Depois da Guerra, os heróis acabam sendo cada vez mais esquecidos. Eles começam a envelhecer e se aposentar, e as pessoas perdem o interesse neles, afinal, não foram eles que venceram a guerra. Exceto por um, Tex Thompson, o Mr. América, que foi um dos grandes heróis do conflito. Ele volta, é saudado como herói e entra para a política.
James Robinson não tem medo de enveredar pela política do período. Ele fala sobre o macarthismo, a paranoia da anticomunista e como alguns homens usaram isso para tentarem ascensão política. Na história, um deles é Thompson, que decide criar o super-herói da nova América, o jovem Daniel Dunbar, que se torna Dínamo, com poderes de super-força, resistência e voo.
Acompanhamos, tal qual os Estados Unidos da época, os heróis decaindo física e moralmente, o maior retrato é Dunbar, cada vez mais imerso no vício da cocaína e agindo mais e mais estranhamente. Ou Thompson, que decide se tornar presidente dos Estados Unidos, não importa o preço. Algo de muito errado está acontecendo, algo que vai forçar a Sociedade da Justiça a sair das sombras para salvar o dia, uma última vez.
James Robinson cria o Watchmen dos heróis clássicos da DC
Impossível não traçar paralelos entre A Era de Ouro e Watchmen. São ambas séries adultas, que tratam sobre o ocaso dos super-heróis de seu tempo. Ambas apresentam sexo, drogas e muita violência.
Enquanto Alan Moore usa os heróis da Charlton Comics para criar um final para os super-heróis, James Robinson usa A Era de Ouro para contar o fim da história da Sociedade da Justiça. Só que diferente do primeiro, e seu final cheio de desesperança, Robinson termina a sua história com a passagem de tocha, dos antigos para os novos. Os tempos precisam continuar, mesmo que tenha chego a hora dos velhos cruzados aposentarem a capa.
A história é tecnicamente brilhante. Usa vários efeitos para se mostrar como algo antiga, como o documentário no início, que lembra os noticiários que passavam no cinema na década de 1940-50. Outro recurso usado é um dos heróis fazendo um documentário sobre sua época, o que ajuda a explicar a situação atual.

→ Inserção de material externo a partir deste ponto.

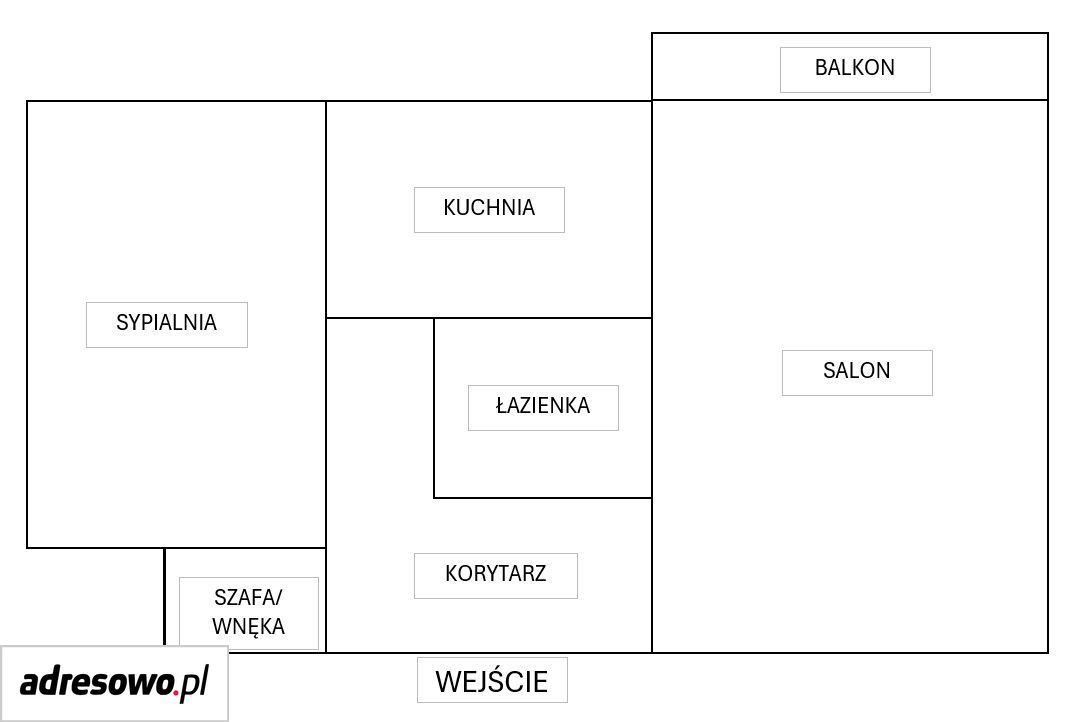 Mieszkanie 2-pokojowe Łódź Bałuty, ul. Grabieniec. Zdjęcie 16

A arte de Paul Smith (X-Men, X-Factor) é muito boa, evita os exageros musculosos dos anos 1990 para um estilo mais clássico, condizente com a trama. Na arte, porem, quem se destaca é o colorista Richard Ory (American Flagg), com cores pastéis, que por vezes lembram lápis de cor, que combinam com a trama. A arte ficou vintage, com cara retrô, mas que também não fica velha. Em nenhum momento você vai achar que está lendo um quadrinho da década de 1950, mas sim uma homenagem muito bem feita a eles.
A Era de Ouro é uma grande história. Divertida, interessante, que trata de temas adultos, com um subtexto político e histórico. Se você se interessa por isso, pela história dos quadrinhos, ou só sobre o universo da DC Comics, vale muito a pena.